Curadoria: qual o papel nas artes cênicas?

Curadora Italiana Piersandra Di Matteo ministra curso In-Betweennes – Reciprocidade e dramaturgia urbana na curadoria de artes cênicas em BH

Foto: Guido Mencari

Definir práticas de pensamento, produzir contextos, temporalidades. São estes alguns dos desafios de quem se dedica à curadoria. São características que podem se aplicar, por exemplo, às artes visuais, à música, mas foram usadas para descrever especialmente a tarefa do curador de artes cênicas. Ou seja, aquela figura que, atuando dentro de um festival de teatro, por exemplo, escolhe as peças e demais ações que vão compor a parte artística do evento. Esta semana a curadora italiana Piersandra Di Matteo participa em Belo Horizonte do 2º Encontro sobre Curadoria em Artes Cênicas, uma ação extraordinária promovida pela Mostra Internacional de Teatro de São Paulo, a MITsp.

Para quem não conhece, o evento é hoje um dos mais interessantes da área realizados no Brasil.  E sempre interessou aos organizadores da MITsp arejar o pensamento sobre a curadoria.

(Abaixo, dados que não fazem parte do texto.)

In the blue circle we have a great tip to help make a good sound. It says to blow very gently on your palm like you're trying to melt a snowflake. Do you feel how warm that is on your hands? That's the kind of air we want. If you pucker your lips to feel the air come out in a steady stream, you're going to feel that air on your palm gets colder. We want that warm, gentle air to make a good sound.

Piersandra é diretora do mestrado de curadoria em artes cênicas da Universidade de Veneza (IUAV), teórica da área e reconhecida internacionalmente pelas publicações sobre o assunto.

Ela ministra o curso In-Betweennes – Reciprocidade e dramaturgia urbana na curadoria de artes cênicas. No encontro, compartilha experiências de projetos submetidos à curadoria e fala sobre o assunto como um todo.

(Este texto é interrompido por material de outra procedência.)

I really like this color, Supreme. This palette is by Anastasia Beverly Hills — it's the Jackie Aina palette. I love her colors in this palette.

Como podemos conceituar curadoria atualmente? O conceito mudou ou tem mudado nos últimos anos?

Na última década, é fato que a figura do curador de artes performáticas se estabeleceu internacionalmente como junção fundamental na afirmação de novos paradigmas para a cena, na definição de práticas de pensamento, produção de contextos, espacialidade antropológica e temporalidade fora do esquema clássico da programação exclusiva de espetáculos. Isso gerou novas posturas do espectador, diferentes relações com as instituições e outras dinâmicas possíveis de relação com a vida urbana.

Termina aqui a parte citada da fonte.